A lo largo de cuatro décadas, las estancias en el retiro de Skjolden fueron esporádicas. Volvió a la cabaña en 1921 -año de publicación del Tractatus logico-philosophicus-, tras la conclusión de la guerra. Para entonces, ya había renunciado a la enorme fortuna familiar, la importancia de Tolstoi para su pensamiento no había dejado de crecer, leyó Walden o la vida en los bosques de Thoreau y hacía del despojo su principio mayor. Construyó un embarcadero al pie de la ladera, donde un campesino del lugar, con quien apenas si tenía algún contacto, le dejaba provisiones. Cada tanto, subía a su bote en ese mismo embarcadero y remaba durante muchas horas por el lago. Escribió: “Mis días transcurren entre la lógica, silbar, pasear y estar deprimido”. Ninguna otra cosa deseaba más que estar lejos de Viena o de la vida universitaria en Cambridge -donde sin embargo volvió a enseñar desde 1930.

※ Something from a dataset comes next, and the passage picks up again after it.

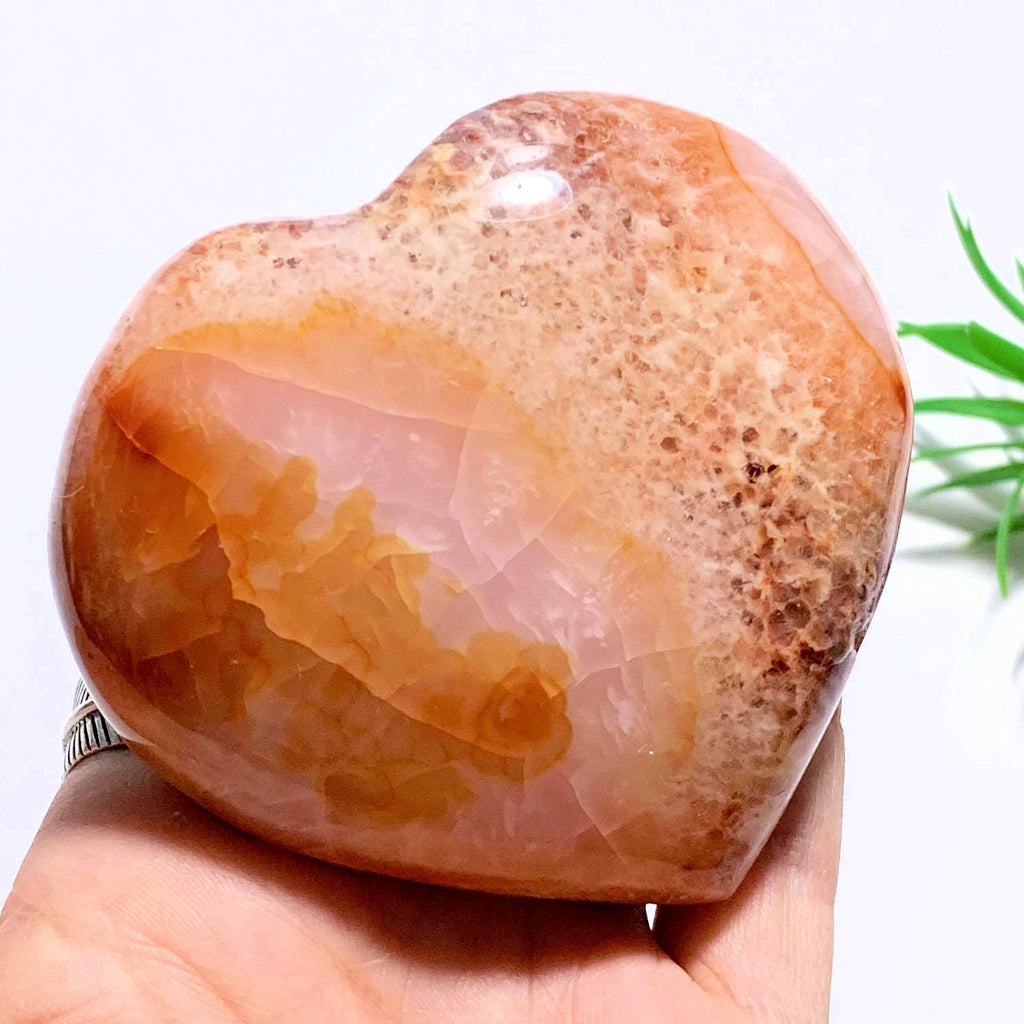 Carnelian Love Heart With Rare Raw Points on Top From Madagascar - Earth Family Crystals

El período más largo que pasó en el refugio noruego duró dieciséis meses, entre agosto de 1936 y diciembre de 1937. Fue un tiempo desgraciado y lleno de angustia. Con todo, le escribe a Moore: “Creo que venir aquí ha sido lo más adecuado, gracias a Dios. No puedo imaginarme que pudiera trabajar en otro sitio que no fuera este. Es un decorado tranquilo, y quizá maravilloso; me refiero a su tranquila seriedad”. Su última visita a Skjolden fue con un amigo en 1950, ya enfermo, un año antes de su muerte.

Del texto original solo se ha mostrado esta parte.